## Records provided

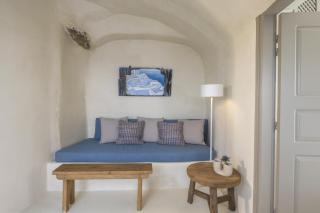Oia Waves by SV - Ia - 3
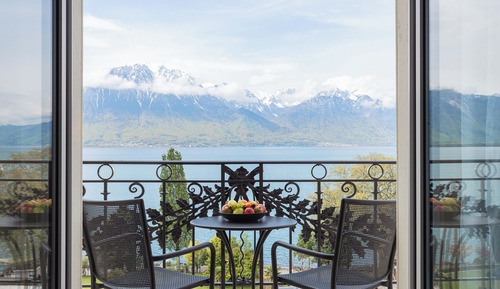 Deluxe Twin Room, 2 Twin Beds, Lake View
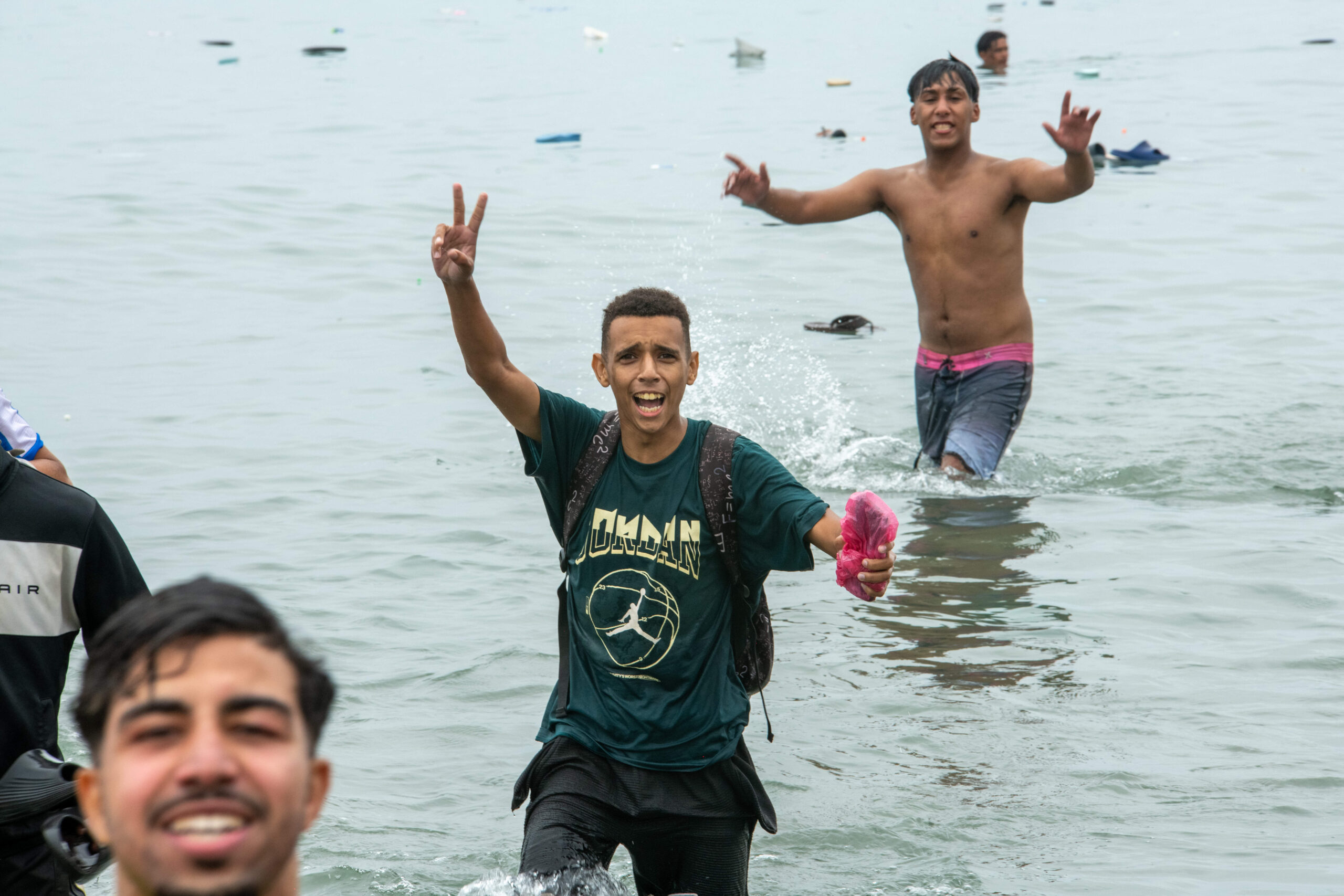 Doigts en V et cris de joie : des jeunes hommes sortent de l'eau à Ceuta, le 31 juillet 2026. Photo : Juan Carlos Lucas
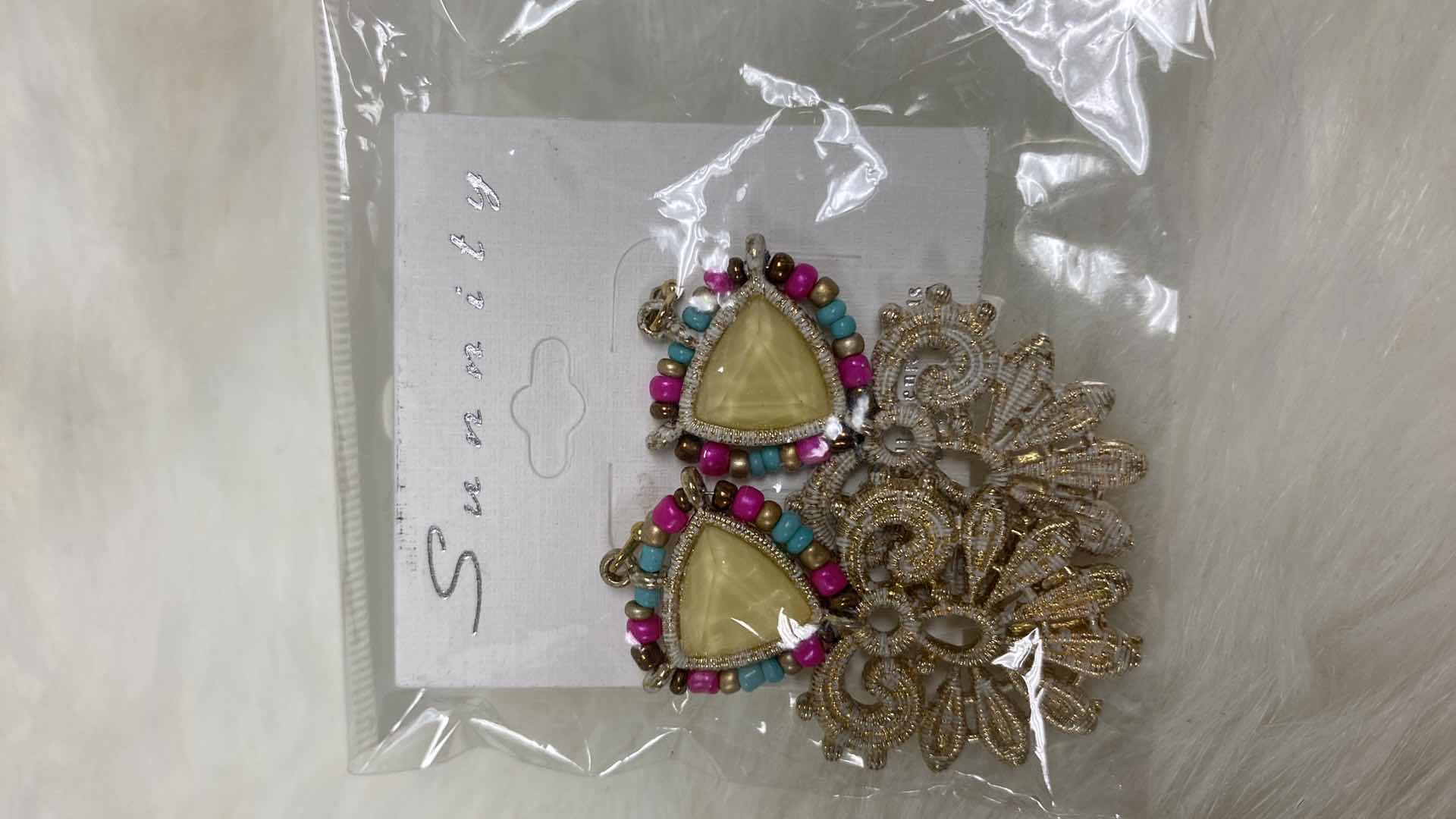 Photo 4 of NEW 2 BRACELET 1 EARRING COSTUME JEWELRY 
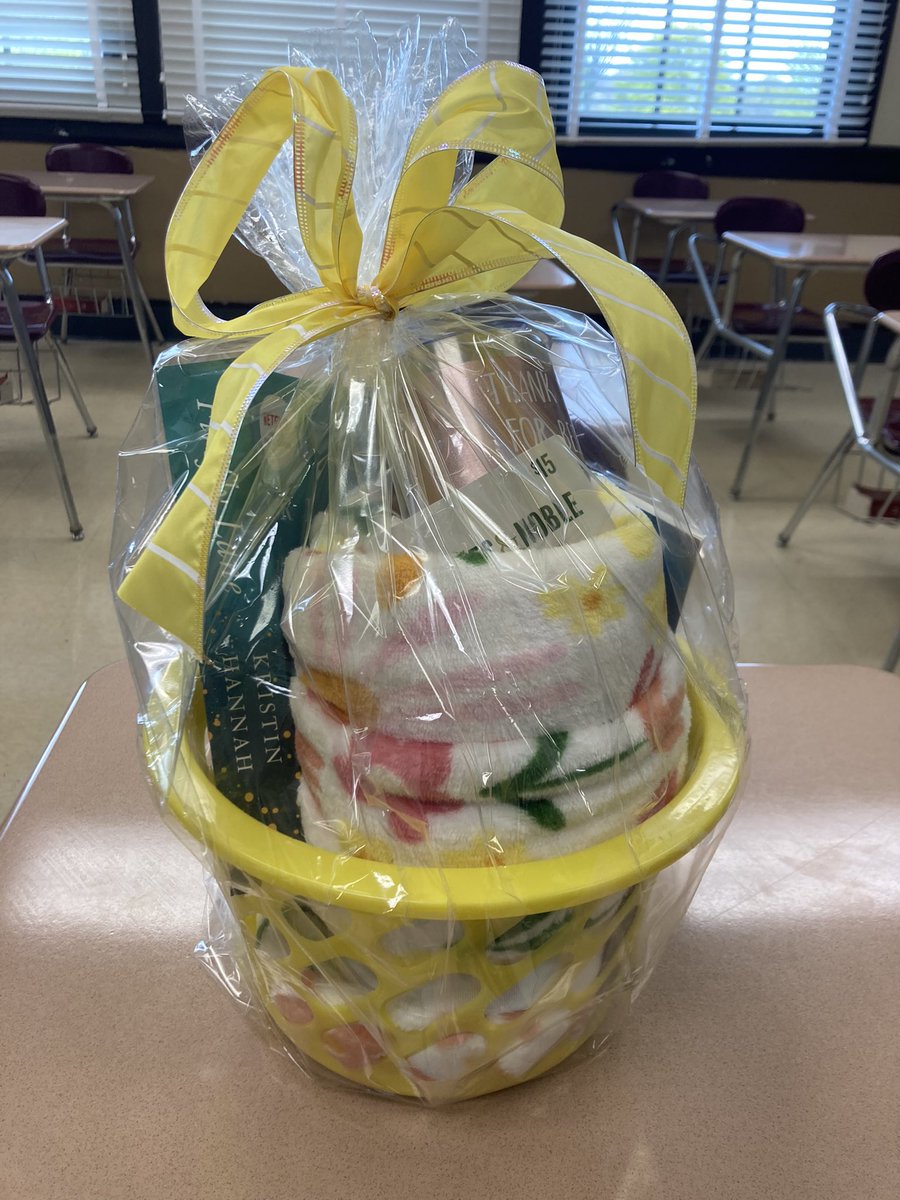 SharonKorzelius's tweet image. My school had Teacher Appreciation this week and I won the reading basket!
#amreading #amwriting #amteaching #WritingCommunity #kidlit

---

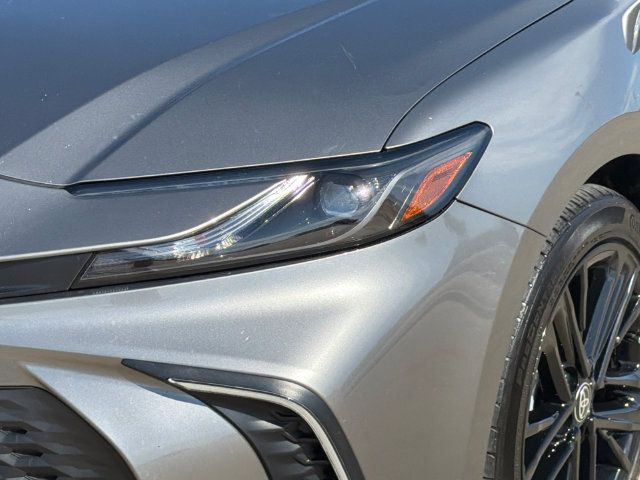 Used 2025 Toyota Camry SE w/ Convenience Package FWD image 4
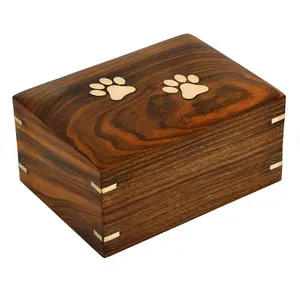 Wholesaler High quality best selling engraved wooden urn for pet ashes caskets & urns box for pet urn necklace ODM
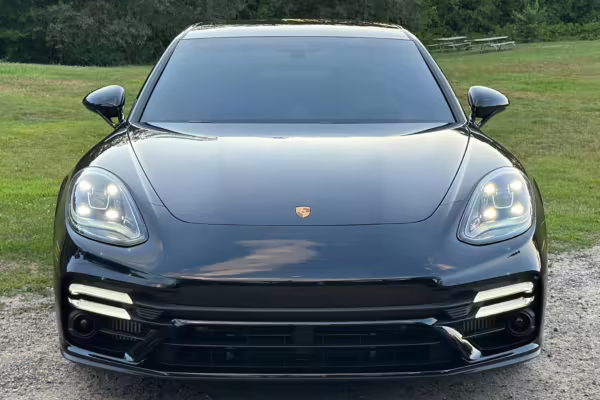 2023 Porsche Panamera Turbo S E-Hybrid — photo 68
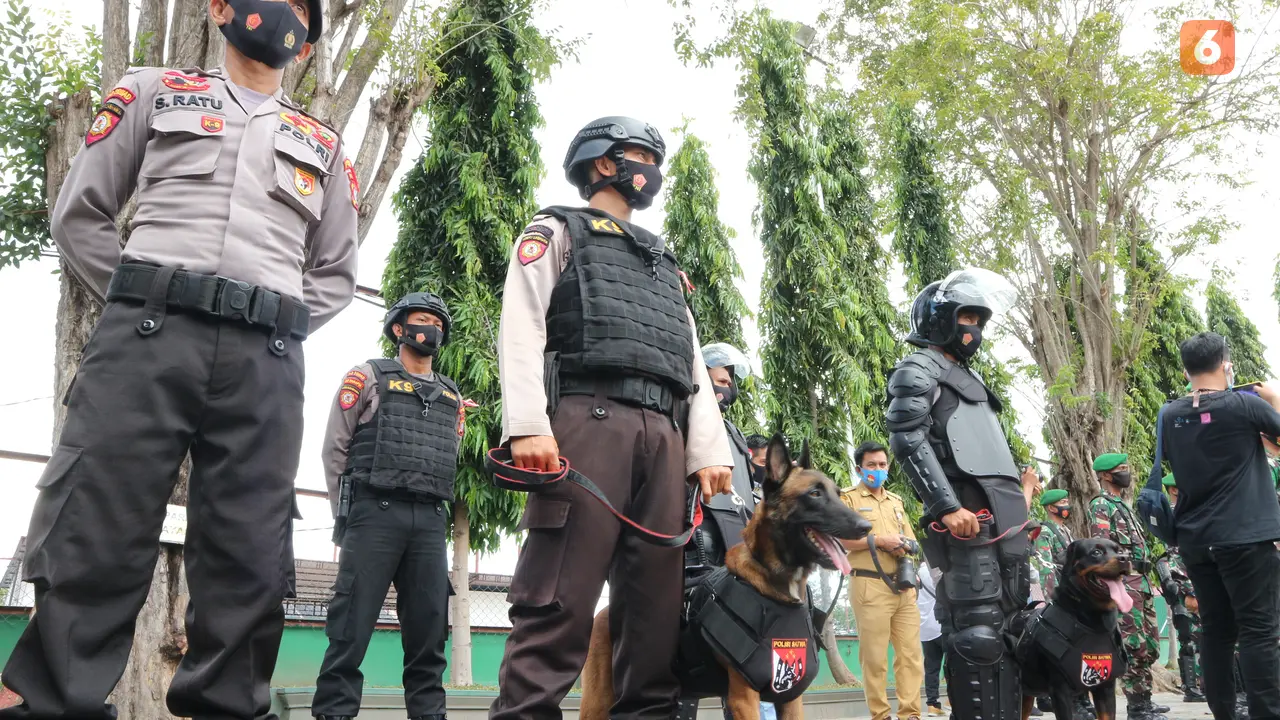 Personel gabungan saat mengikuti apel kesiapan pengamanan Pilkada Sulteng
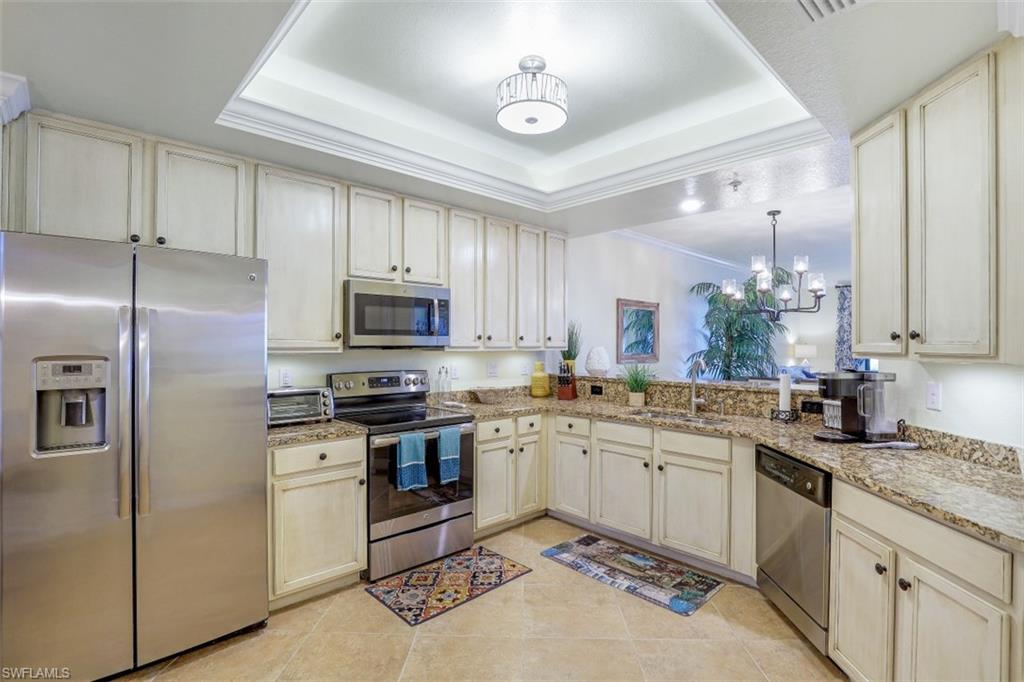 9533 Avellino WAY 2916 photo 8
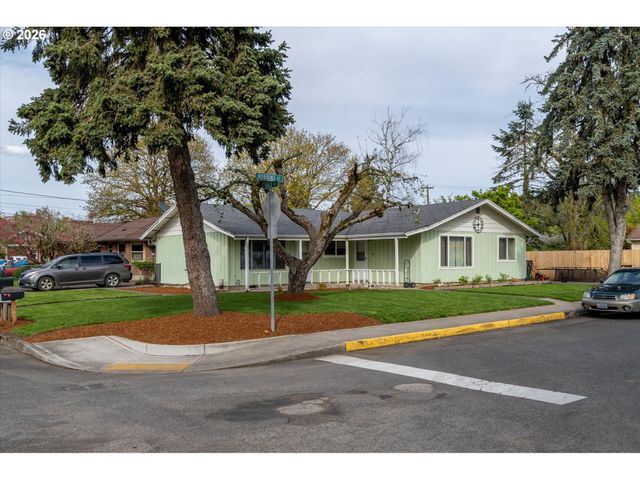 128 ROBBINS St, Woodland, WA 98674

--

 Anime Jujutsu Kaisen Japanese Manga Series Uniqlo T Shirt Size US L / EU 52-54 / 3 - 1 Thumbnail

## Task statement
Starting from the line with "Deluxe Twin Room, 2 Twin Beds, Lake View" in the records above, repeat each line exactly until you have written the line with "#amreading #amwriting #amteaching", then stop; drop the pictures.

## Exercise solution
 Deluxe Twin Room, 2 Twin Beds, Lake View
 Doigts en V et cris de joie : des jeunes hommes sortent de l'eau à Ceuta, le 31 juillet 2026. Photo : Juan Carlos Lucas
 Photo 4 of NEW 2 BRACELET 1 EARRING COSTUME JEWELRY 
 SharonKorzelius's tweet image. My school had Teacher Appreciation this week and I won the reading basket!
#amreading #amwriting #amteaching #WritingCommunity #kidlit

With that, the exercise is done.